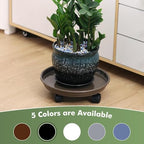 12 Packs Plant Caddy with Wheels 11.8" Plastic Rolling Plant Dolly Coasters Heavy-Duty Wheeled Planter Mover Rollers Indoor Outdoor Wheeled Flower Pot Base Suacers with Casters, Brown - Image 5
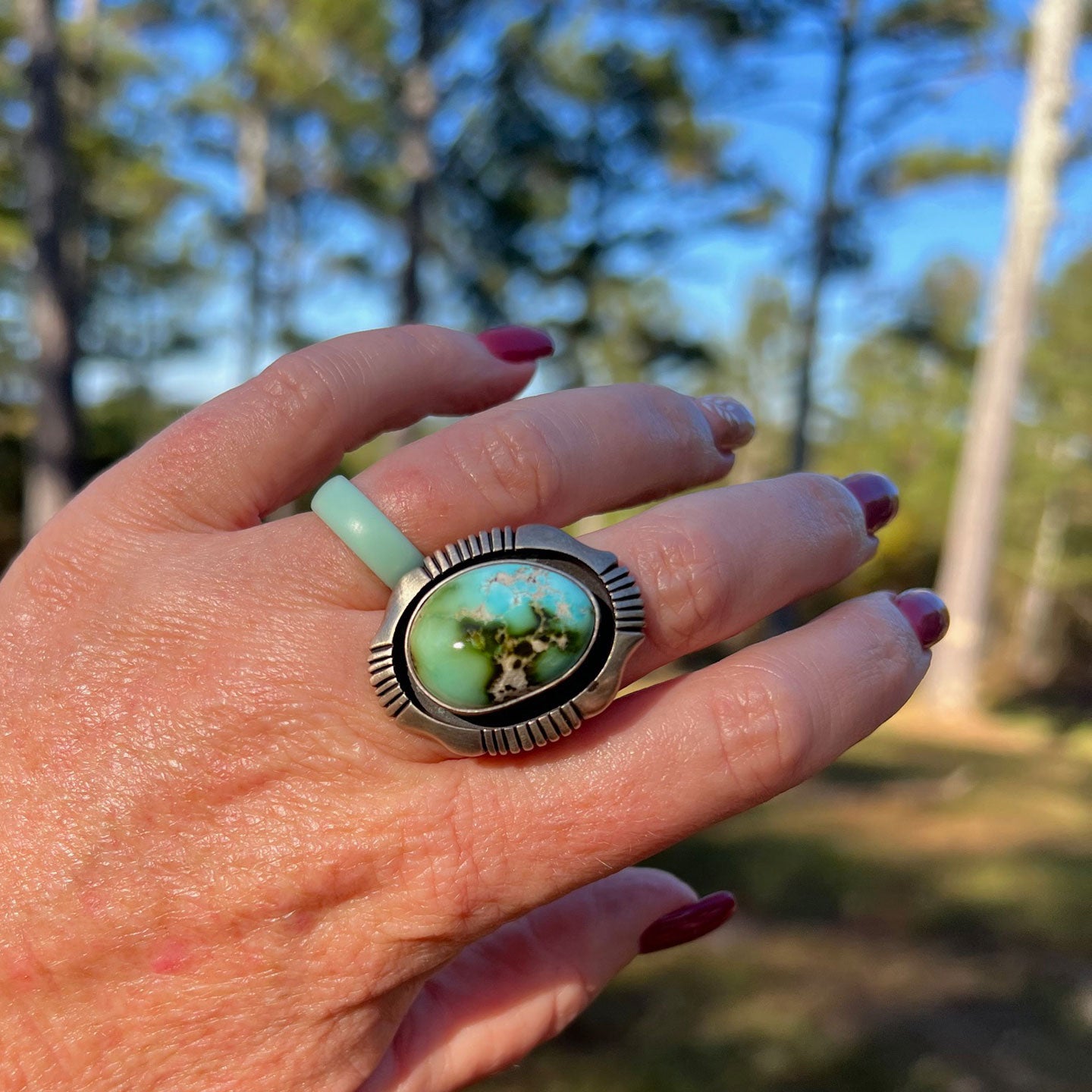 Calvin Martinez High Dome Royston Ring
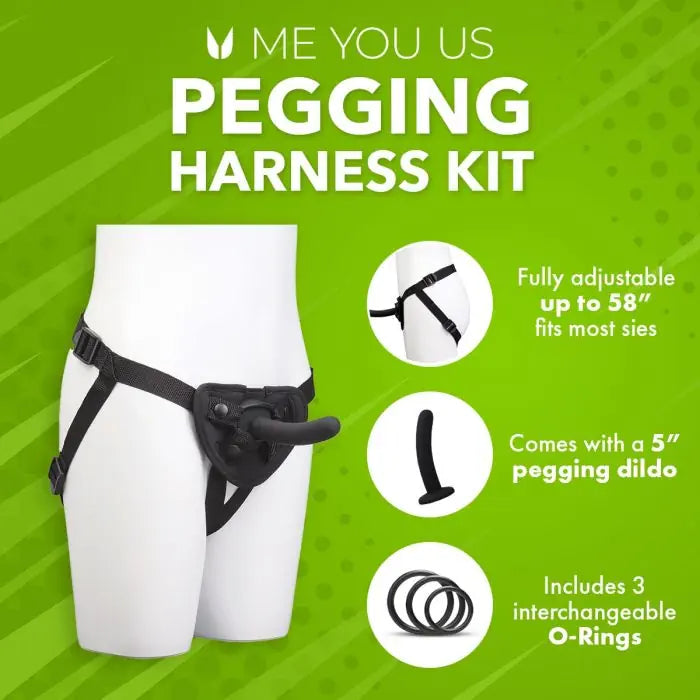 Me You Us Pegging Harness Kit key features diagram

....

*What this task involves*
Print the full listing again exactly, and drop every image from it.

*Final answer*
 12 Packs Plant Caddy with Wheels 11.8" Plastic Rolling Plant Dolly Coasters Heavy-Duty Wheeled Planter Mover Rollers Indoor Outdoor Wheeled Flower Pot Base Suacers with Casters, Brown - Image 5
 Calvin Martinez High Dome Royston Ring
 Me You Us Pegging Harness Kit key features diagram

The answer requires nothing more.